I’ll go even further and contend that you can build a major enterprise by simply surrounding yourself with the best people you can find. Talent draws—and keeps—talent. People want to work with and for professionals they can respect and learn from. It’s that kind of effectual circle you should integrate in your career at every level—from the leader at the top of the company’s pyramid all the way to the people at the base of the organization.
The reality is that to have the best talent, you must hire the best people, and if you don’t have a process for recruiting, hiring, and training competent salespeople, you’re going to end up employing unsuitable team members. And that will cost you—in lost sales and marketing dollars, wasted salaries, and a drain on your energy. The ability to build a successful team is essential to the enterprise. Can you hear the dripping profits here?
Don’t take this responsibility nonchalantly. Invest the time in developing a process that will be followed for every new hire. Establish how to evaluate a prospective salesperson, hiring terms, performance expectations (including working within the team), and all the other details that go into a cohesive recruitment program. Set up checklists of required skills, knowledge, and experience, including track record.
A potential home buyer wouldn’t go out and spend $450,000 or more on a brand new home without massive due diligence. They make sure it meets their needs and can fulfill their expectations.

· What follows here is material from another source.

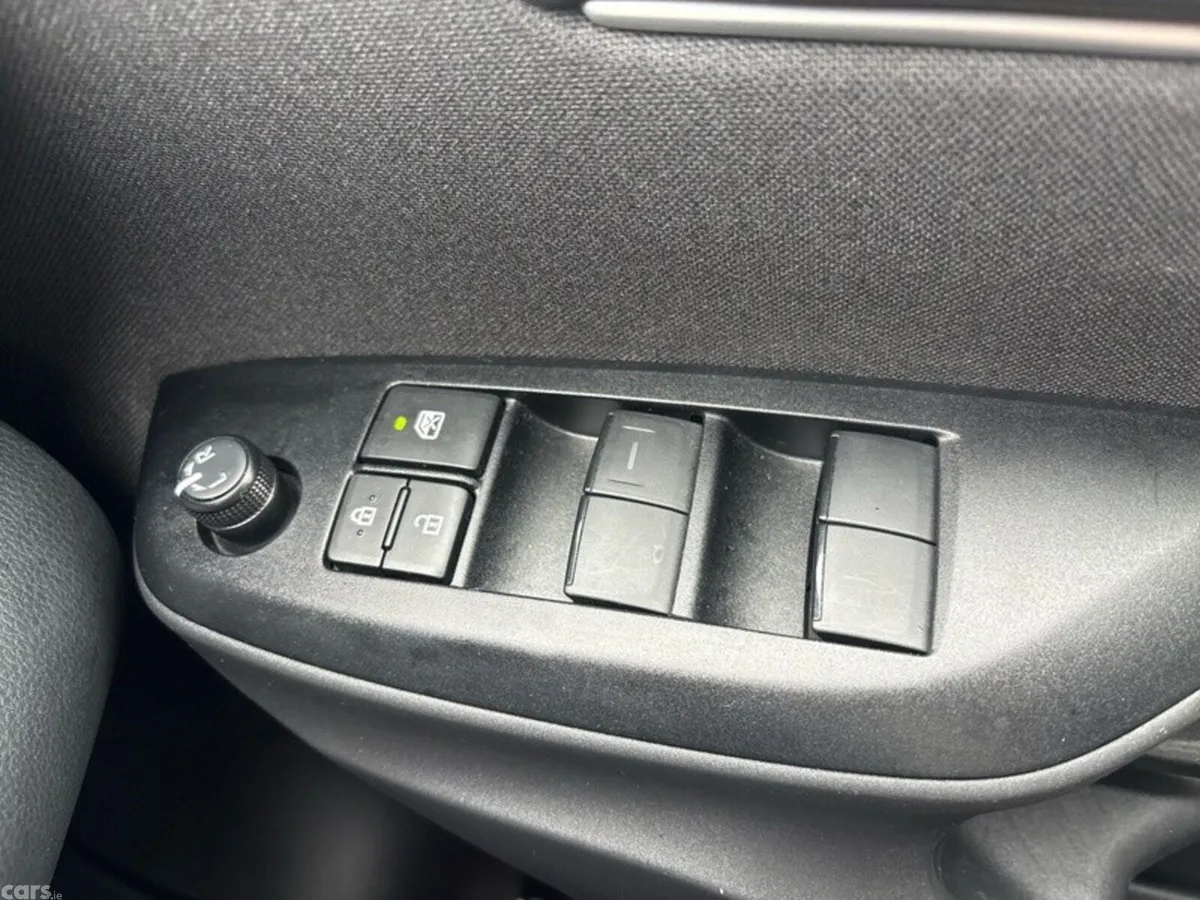 Toyota Yaris Cross Hatchback, Petrol Hybrid, 2026, Grey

Prospects shop by elimination, running through the features of the home and matching them up to their own checklist. Use that same, logical approach to recruitment:
—Hire for attitude, not merely experience. Twenty years of experience sounds good, but doesn’t speak to results, only duration.
—Hire by process of elimination. Don’t rely on instinct or feelings.
—Don’t wait until you need someone to fill the position. Build a bench. Desperation leads to bad choices.